Using more channels is similar to what Microsoft was experimenting with for VR goggles. Depth effects are difficult to really get right because the goggles will have to track your eye convergence and adjust the scene to make foreground and background items go in and out of focus appropriately. Because of this difficulty, Microsoft proposed having multiple transparent displays at various distances from the eye to deal with this. This is similar to more channels in multi-channel audio. It works better than not doing it. But what about objects at distances that are between screens? They're going to be blurry because they have to be partially projected on two displays at once.

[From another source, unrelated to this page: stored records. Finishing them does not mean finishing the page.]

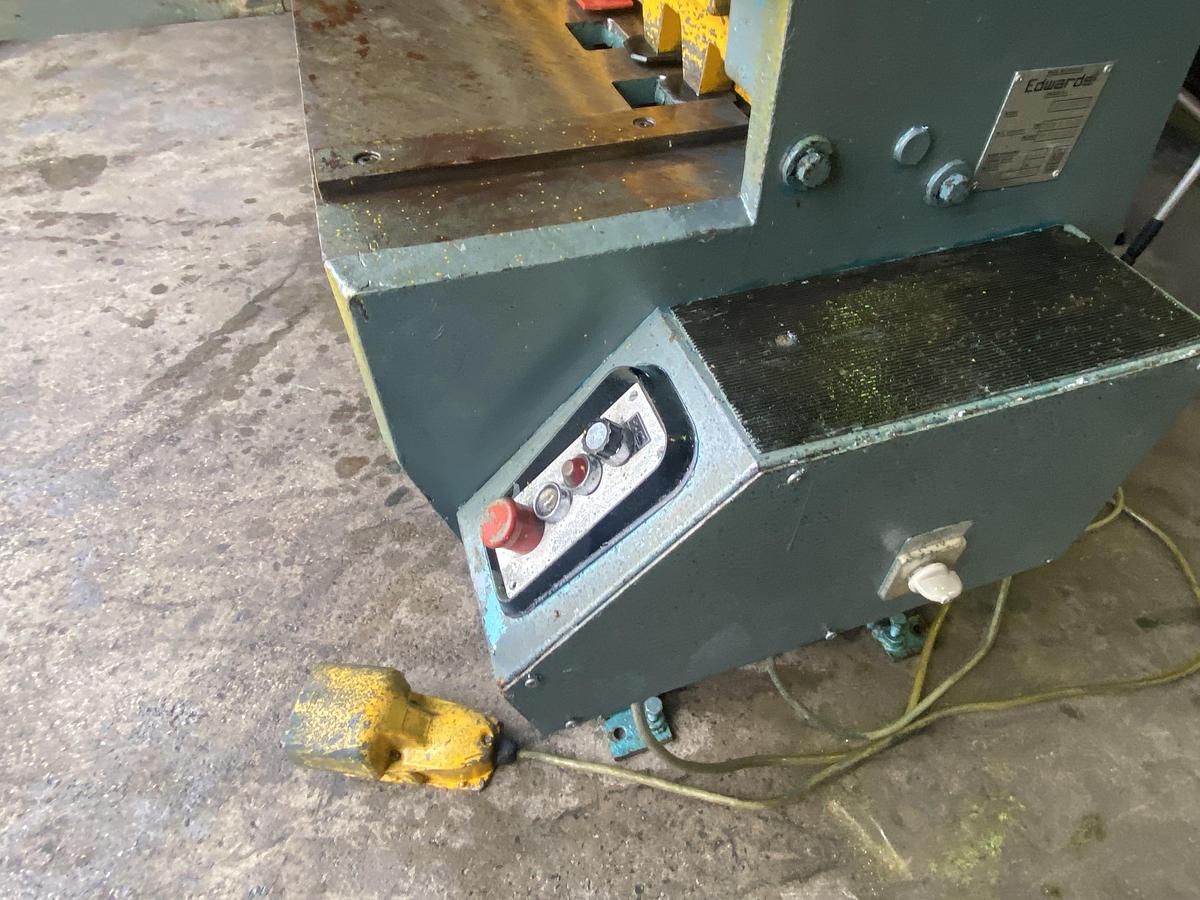 Used EDWARDS Direct Drive 2500mm x 3.25 mechanical guillotine 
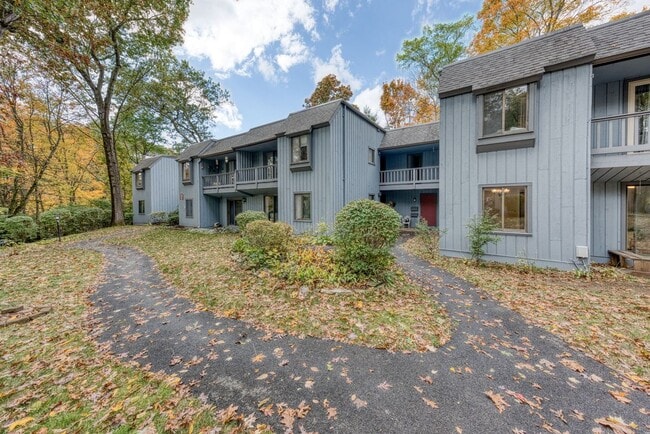 property at 10 Deepwood Dr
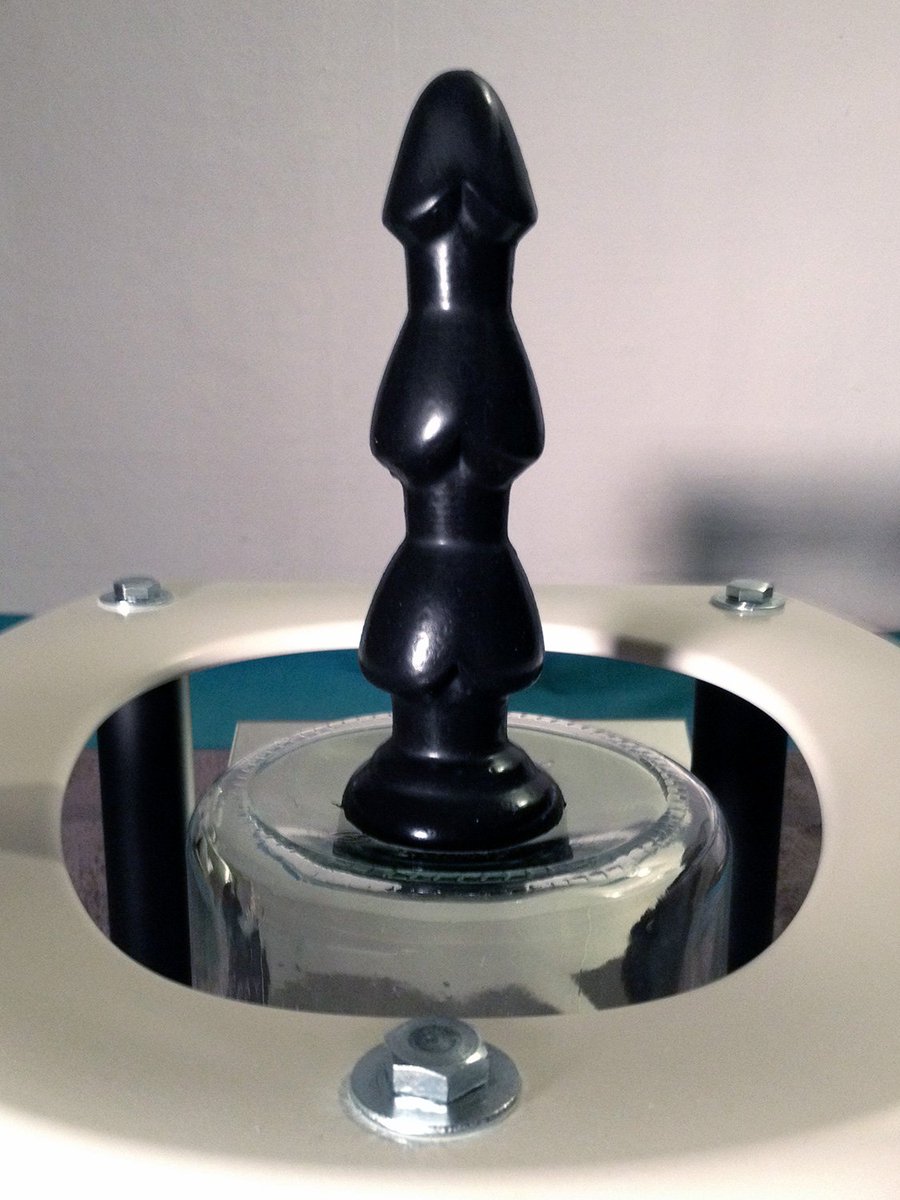 drpeeemeee's tweet photo. Rimchair con big dildo

#rimchair #dildo #bigdildo #drpeeemeee #selfmade #DIY https://t.co/0Iemds6k5v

This is the same as the problem with sounds that are between speakers. Utlimately it's a flawed approach unless your going to make curated material that doesn't produce anything not distanced precisely at a particular screen depth, or with speakers at a particular speaker location.

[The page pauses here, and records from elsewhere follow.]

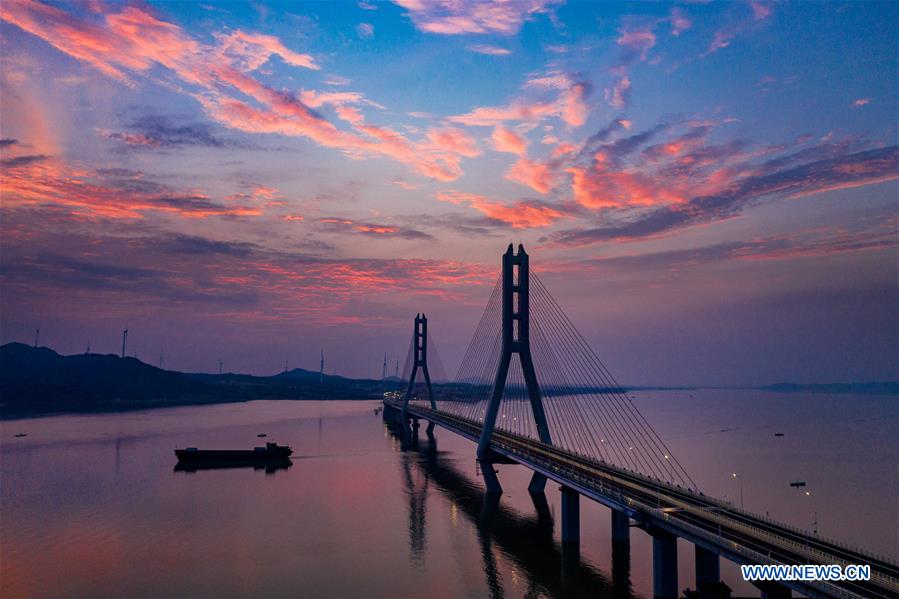 #CHINA-JIANGXI-POYANG LAKE-BRIDGE-OPENING (CN)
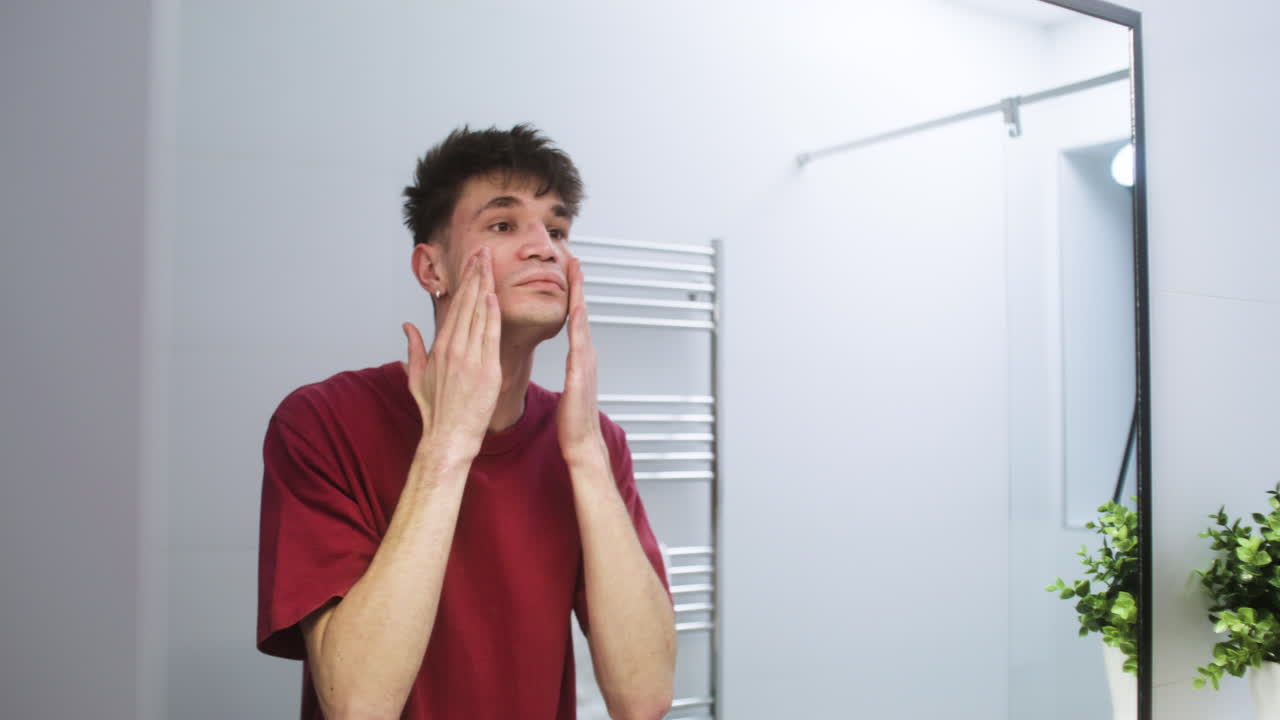 화장실에 있는 남자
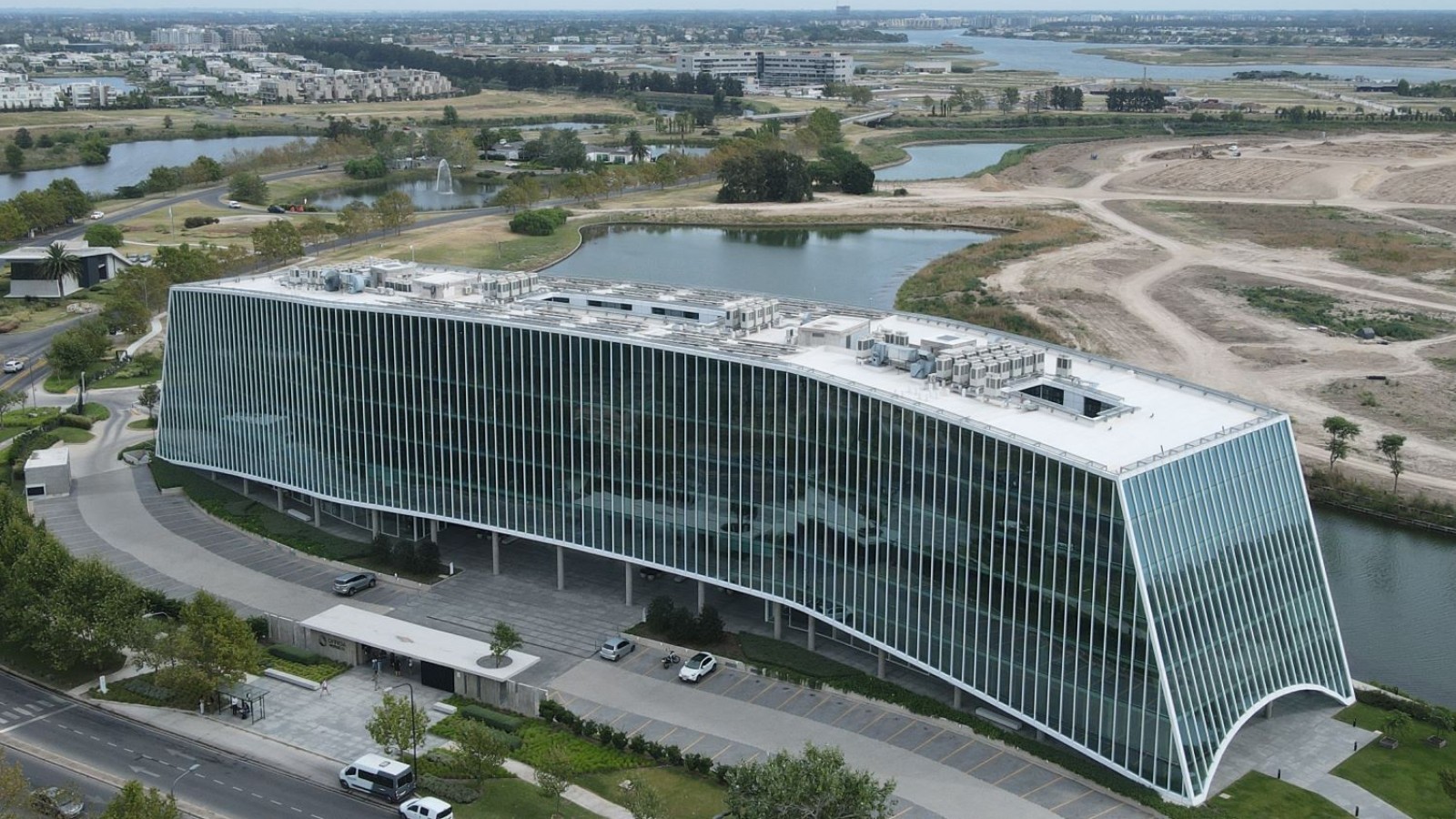 ARBA detectó en Nordelta un edificio ultramoderno de oficinas corporativas que los desarrolladores tenían declarado como baldío.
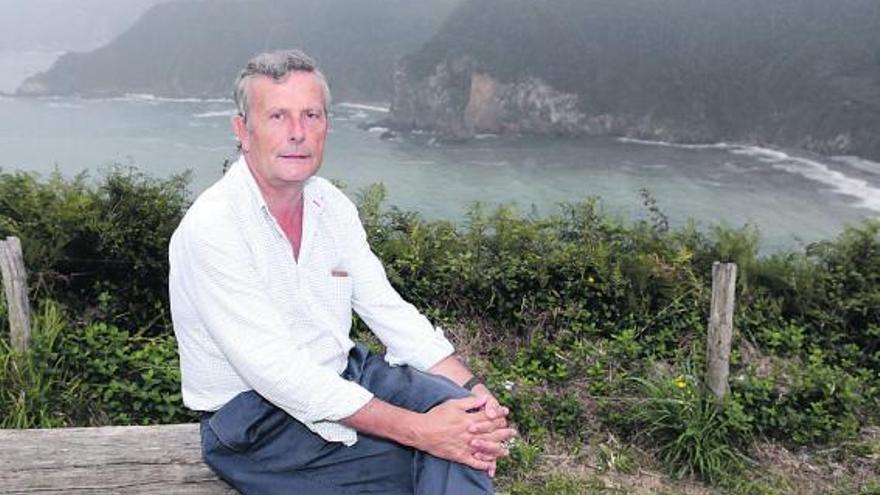 Santiago Menéndez de Luarca, en el campo de La Garita, con la playa de La Ribeirona al fondo.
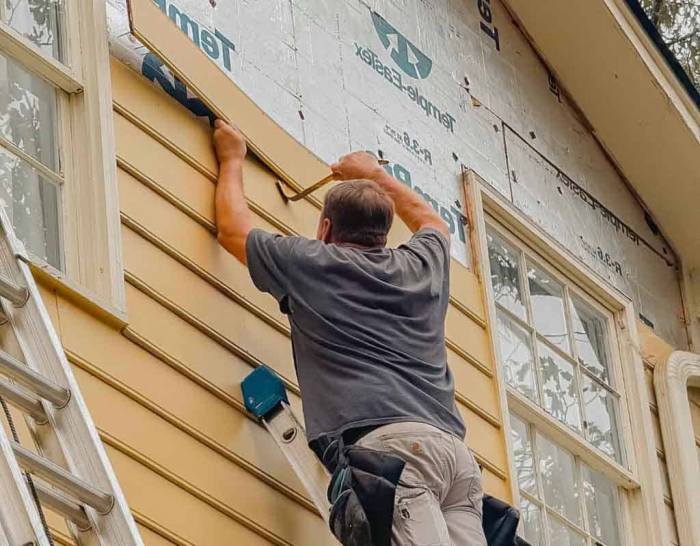 Transform Your Home's Exterior With Expert Siding Services | 260 Roofing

In a nutshell, I think the ultimate solution is crosstalk reduction for audio, not more channels - although more channels is better for providing lower quality imaging effects over a larger area of the room. For VR headsets it's eye tracking to calculate convergence and then adjustment of the image and mechanical lens focusing accordingly. Not easy.
One last thought - it should be possible to combine something like BAACH with multi-channel. You could have 7 speakers arrayed across the front of the room, and something like BAACH could allow phantom images between any two speakers to be free of crosstalk anomalies. It would basically require 6 times the processing power of BAACH, and might sound slightly better.